The Intel Education Service Corps (IESC) is a short-term service and career development opportunity for a select group of Intel employees to support the deployment of Intel classmate PCs in developing countries. In this blog, Brett Buyack, a technology expert from Intel HR, recaps his team’s second week of experiences in Ecuador working on a project supported by Fundacion Nobis.
With a very successful first week of training behind us at Escuela Fiscal Mixta in Machala, Ecuador, our attention shifted to how to cover as much as possible in our last five days. The students attend school in the morning until just after lunch, when they head home. The afternoon is teacher preparation time; so our strategy was to attend the classes in the morning and support the teachers in using the computers in their lessons, and in the afternoon provide training to the teachers to help them in preparing for their next day’s lessons.
Because of varying levels of computer experience with the teachers, we continued to divide into groups and teach them at their level. Also, the teachers represented different grade levels, and so the lesson plans for second or third grade were much different than those for sixth or seventh grade.
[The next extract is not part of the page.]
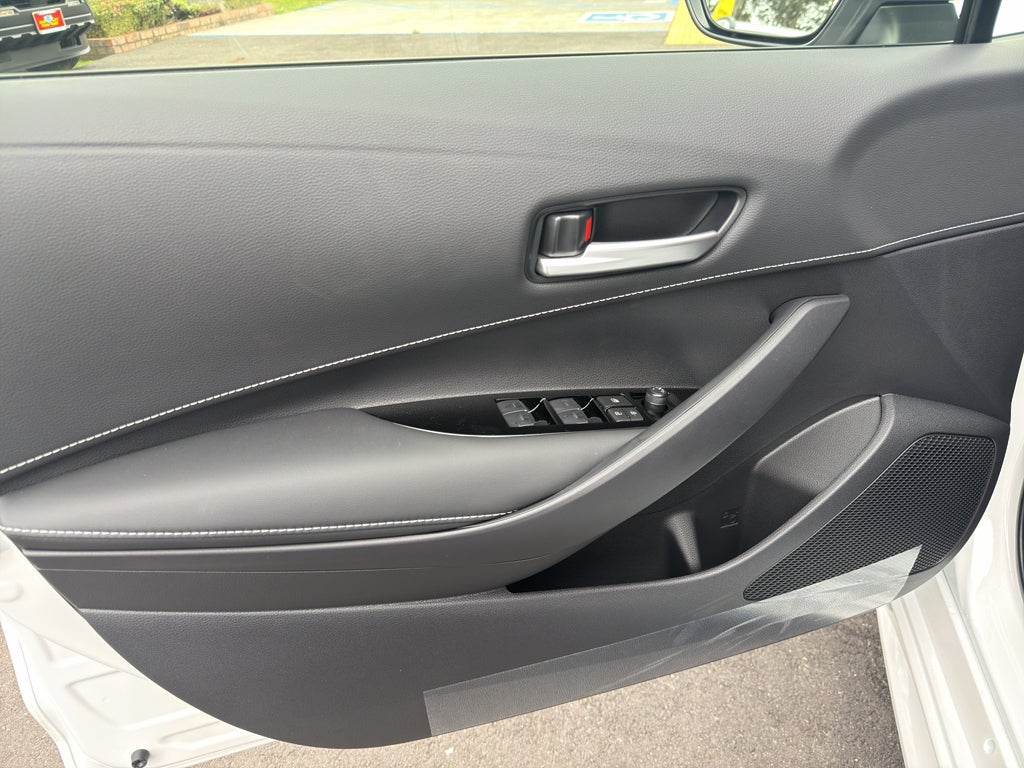 2027 Toyota Corolla Hatchback SE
The biggest reward came in the mornings when we were able to work with the teacher and the children and actually see their excitement as they used the computers in their lesson. Their eyes would light up as they got to use the computers to complete the activity assigned. Although there were varying levels of experience with the computers, it was amazing to see how quickly the children learned, especially the younger ones.
The students completed various activities using the Intel Classmate PC. The younger children practiced identifying the letters of the alphabet or colors, while the older children were able to research a topic and then actually take a quiz on the topic that the teachers had setup previously and administered via the computers.
Other companies are developing products that integrate with the Intel Classmate PC as well. For example, we brought some Lego Education WeDorobotics kits that allow the children to build various Lego creations, such as a parrot that flaps its wings through the use of a small USB-powered motor, and then control them through the computer with a simple, visual programming interface.
We also brought science sensors and lab experiments donated by PASCO. PASCO makes Probeware that connects via USB to take measurements on temperature, noise, and light levels. PASCO also provides science lessons on the computer that the teachers are able to easily integrate into a lesson plan.
As we wrapped up the week, the reality that we were going to be leaving began to set in. It’s amazing how attached you can become to a group of people in just two weeks. On the final day the school presented us with formal certificates of our work completed as a gesture of gratitude. We took turns sharing thoughts on what a wonderful experience it had been. We took some pictures and shed a few tears as we prepared to leave this humble school, feeling good that we were able to make a difference there.